**INSTRUCTIONS FOR THE TASK**
Going from the top of the data below, give again each line through the one containing "view of yard with central AC and a patio", both ends kept.

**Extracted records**
-- -- --

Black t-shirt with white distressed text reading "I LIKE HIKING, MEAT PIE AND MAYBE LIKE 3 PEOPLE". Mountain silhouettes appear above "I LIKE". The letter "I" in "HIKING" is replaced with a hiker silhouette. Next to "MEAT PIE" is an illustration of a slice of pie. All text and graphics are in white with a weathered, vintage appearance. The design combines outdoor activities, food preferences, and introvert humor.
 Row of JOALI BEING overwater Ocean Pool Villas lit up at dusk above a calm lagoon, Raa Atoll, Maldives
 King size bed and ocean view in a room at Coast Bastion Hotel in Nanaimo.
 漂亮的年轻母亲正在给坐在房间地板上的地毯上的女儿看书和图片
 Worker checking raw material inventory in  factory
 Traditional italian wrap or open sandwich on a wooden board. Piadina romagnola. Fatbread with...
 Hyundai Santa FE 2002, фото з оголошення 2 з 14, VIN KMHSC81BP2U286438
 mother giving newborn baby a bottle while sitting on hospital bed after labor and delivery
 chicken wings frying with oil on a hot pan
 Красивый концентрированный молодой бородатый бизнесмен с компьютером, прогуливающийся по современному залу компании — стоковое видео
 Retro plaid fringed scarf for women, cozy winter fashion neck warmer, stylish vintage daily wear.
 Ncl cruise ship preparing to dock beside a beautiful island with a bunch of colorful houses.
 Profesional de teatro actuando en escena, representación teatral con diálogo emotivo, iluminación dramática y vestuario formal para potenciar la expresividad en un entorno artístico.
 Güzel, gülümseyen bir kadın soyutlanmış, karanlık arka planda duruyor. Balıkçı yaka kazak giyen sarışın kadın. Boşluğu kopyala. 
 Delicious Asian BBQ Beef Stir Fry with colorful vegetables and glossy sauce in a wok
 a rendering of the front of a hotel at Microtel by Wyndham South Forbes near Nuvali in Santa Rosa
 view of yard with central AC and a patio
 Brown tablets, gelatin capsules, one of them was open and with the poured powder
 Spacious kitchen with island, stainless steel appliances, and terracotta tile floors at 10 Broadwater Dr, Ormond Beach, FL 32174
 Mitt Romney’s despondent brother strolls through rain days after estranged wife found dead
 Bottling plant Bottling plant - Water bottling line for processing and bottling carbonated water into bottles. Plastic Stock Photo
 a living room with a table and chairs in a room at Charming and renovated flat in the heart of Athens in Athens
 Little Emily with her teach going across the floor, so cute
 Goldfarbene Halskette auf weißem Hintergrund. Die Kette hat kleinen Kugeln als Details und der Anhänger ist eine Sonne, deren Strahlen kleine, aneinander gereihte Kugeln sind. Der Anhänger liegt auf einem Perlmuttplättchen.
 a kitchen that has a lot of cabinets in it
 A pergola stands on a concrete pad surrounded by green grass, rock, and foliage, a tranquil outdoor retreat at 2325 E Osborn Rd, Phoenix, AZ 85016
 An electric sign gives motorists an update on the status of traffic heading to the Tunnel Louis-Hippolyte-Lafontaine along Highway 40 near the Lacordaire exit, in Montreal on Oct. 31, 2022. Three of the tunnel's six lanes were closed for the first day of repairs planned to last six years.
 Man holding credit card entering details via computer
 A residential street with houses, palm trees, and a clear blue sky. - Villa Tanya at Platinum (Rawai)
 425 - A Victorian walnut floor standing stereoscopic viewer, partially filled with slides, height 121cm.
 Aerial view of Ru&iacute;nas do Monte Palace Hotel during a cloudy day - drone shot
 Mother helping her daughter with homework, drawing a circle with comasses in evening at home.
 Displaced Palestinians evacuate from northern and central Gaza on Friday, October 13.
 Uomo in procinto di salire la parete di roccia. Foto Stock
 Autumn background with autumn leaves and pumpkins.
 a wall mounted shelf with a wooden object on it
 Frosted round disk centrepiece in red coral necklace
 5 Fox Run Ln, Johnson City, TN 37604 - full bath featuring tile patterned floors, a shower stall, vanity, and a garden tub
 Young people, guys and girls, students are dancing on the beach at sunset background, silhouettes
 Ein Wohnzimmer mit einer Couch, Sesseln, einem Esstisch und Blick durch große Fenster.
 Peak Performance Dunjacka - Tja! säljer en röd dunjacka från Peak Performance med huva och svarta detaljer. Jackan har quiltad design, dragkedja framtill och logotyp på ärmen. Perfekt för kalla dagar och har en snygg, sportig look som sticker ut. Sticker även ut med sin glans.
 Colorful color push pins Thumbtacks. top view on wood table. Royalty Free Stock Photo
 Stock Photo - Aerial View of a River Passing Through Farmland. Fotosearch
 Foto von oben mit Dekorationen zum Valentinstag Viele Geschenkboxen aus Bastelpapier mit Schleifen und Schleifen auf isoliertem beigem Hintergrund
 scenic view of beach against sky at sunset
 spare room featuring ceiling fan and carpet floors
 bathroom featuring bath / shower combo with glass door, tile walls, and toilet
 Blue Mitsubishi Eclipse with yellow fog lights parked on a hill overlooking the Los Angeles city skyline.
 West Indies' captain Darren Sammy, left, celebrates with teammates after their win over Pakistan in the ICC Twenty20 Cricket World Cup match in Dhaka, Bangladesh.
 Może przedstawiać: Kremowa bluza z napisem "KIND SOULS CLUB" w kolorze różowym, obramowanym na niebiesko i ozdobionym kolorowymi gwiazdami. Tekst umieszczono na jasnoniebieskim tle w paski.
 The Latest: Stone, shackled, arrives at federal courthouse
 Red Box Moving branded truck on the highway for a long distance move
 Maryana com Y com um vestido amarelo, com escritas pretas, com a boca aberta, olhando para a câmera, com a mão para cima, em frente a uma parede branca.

-- -- --

**ANSWER TO THE PROBLEM**
Black t-shirt with white distressed text reading "I LIKE HIKING, MEAT PIE AND MAYBE LIKE 3 PEOPLE". Mountain silhouettes appear above "I LIKE". The letter "I" in "HIKING" is replaced with a hiker silhouette. Next to "MEAT PIE" is an illustration of a slice of pie. All text and graphics are in white with a weathered, vintage appearance. The design combines outdoor activities, food preferences, and introvert humor.
 Row of JOALI BEING overwater Ocean Pool Villas lit up at dusk above a calm lagoon, Raa Atoll, Maldives
 King size bed and ocean view in a room at Coast Bastion Hotel in Nanaimo.
 漂亮的年轻母亲正在给坐在房间地板上的地毯上的女儿看书和图片
 Worker checking raw material inventory in  factory
 Traditional italian wrap or open sandwich on a wooden board. Piadina romagnola. Fatbread with...
 Hyundai Santa FE 2002, фото з оголошення 2 з 14, VIN KMHSC81BP2U286438
 mother giving newborn baby a bottle while sitting on hospital bed after labor and delivery
 chicken wings frying with oil on a hot pan
 Красивый концентрированный молодой бородатый бизнесмен с компьютером, прогуливающийся по современному залу компании — стоковое видео
 Retro plaid fringed scarf for women, cozy winter fashion neck warmer, stylish vintage daily wear.
 Ncl cruise ship preparing to dock beside a beautiful island with a bunch of colorful houses.
 Profesional de teatro actuando en escena, representación teatral con diálogo emotivo, iluminación dramática y vestuario formal para potenciar la expresividad en un entorno artístico.
 Güzel, gülümseyen bir kadın soyutlanmış, karanlık arka planda duruyor. Balıkçı yaka kazak giyen sarışın kadın. Boşluğu kopyala. 
 Delicious Asian BBQ Beef Stir Fry with colorful vegetables and glossy sauce in a wok
 a rendering of the front of a hotel at Microtel by Wyndham South Forbes near Nuvali in Santa Rosa
 view of yard with central AC and a patio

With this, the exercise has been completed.